Path: utzoo!utgpu!news-server.csri.toronto.edu!cs.utexas.edu!swrinde!sdd.hp.com!spool.mu.edu!uunet!stanford.edu!agate!riacs!pioneer.arc.nasa.gov!lamaster
From: lamaster@pioneer.arc.nasa.gov (Hugh LaMaster)
Newsgroups: comp.arch
Subject: Re: RISC vs. CISC -- SPECmarks
Message-ID: <1991May7.195913.27363@riacs.edu>
Date: 7 May 91 19:59:13 GMT
References: <1991Apr30.163153.18568@midway.uchicago.edu> <1991May2.162909.9165@news.arc.nasa.gov> <819@cadlab.sublink.ORG> <1991May7.052417.10606@leland.Stanford.EDU>
Sender: news@riacs.edu
Reply-To: lamaster@pioneer.arc.nasa.gov (Hugh LaMaster)
Organization: RIACS, NASA Ames Research Center
Lines: 65

In article <1991May7.052417.10606@leland.Stanford.EDU>, dhinds@elaine18.Stanford.EDU (David Hinds) writes:
|> In article <819@cadlab.sublink.ORG> martelli@cadlab.sublink.ORG (Alex Martelli) writes:
|> >lamaster@pioneer.arc.nasa.gov (Hugh LaMaster) writes:
|> >	...
:
:
etc etc:   Even worse, code which was previously optimal for vector machines, and which
|> >:was OK on a wide variety of other machines, is now pessimal for these machines.

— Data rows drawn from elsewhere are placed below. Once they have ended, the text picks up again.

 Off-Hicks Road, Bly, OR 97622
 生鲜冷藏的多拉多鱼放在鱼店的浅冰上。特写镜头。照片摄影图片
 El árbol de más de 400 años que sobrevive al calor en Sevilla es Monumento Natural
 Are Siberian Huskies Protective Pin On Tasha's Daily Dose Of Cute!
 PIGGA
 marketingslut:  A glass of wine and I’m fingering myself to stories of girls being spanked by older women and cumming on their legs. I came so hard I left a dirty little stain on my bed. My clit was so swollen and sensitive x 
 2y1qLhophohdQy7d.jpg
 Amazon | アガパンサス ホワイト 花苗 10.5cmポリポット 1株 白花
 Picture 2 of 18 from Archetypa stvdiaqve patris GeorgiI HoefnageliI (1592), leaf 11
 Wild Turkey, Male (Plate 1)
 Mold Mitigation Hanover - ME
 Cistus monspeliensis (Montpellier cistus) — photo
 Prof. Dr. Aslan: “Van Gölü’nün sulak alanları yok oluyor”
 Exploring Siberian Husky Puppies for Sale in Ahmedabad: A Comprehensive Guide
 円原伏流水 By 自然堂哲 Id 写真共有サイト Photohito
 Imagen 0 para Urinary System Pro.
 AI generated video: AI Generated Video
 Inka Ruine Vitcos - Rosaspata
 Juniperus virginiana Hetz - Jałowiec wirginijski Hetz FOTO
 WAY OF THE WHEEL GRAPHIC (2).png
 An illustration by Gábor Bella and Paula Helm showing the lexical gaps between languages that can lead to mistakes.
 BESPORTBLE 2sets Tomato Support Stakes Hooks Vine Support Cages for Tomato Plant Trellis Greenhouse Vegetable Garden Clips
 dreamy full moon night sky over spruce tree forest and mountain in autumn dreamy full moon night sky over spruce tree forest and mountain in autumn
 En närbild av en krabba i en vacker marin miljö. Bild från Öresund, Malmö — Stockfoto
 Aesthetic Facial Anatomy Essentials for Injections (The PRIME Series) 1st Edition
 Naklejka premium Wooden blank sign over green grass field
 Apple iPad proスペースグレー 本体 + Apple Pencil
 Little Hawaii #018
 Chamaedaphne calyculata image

|> >Not really so new - I was optimizing codes for the cache in '87 for an IBM
|> >3090 with VF... ok, there ARE problems (the curve of leading dimension of
|> >array versus megaflops

 
|> You're still a long way off.  My *father* was optimizing Fortran matrix codes
|> to exploit the cache on the IBM 370/195, in the (guess?) mid-70's.  On that


Both posters have essentially the same point, and this point is well taken.
Machines with cache (and other locality-friendly) devices have been around a *long*
time.  Even the 360/67 got a boost from code rearrangement, due to the DAT box
(Dynamic Address Translation == "TLB", sort of) overhead if you accessed arrays
the wrong way.  On the new RISCs, the effect is extremely strong.  Combined with
some of the vector-ish features of these machines, optimal codes can look like a hybrid
of the cache and vector techniques, which makes them rather non-intuitive.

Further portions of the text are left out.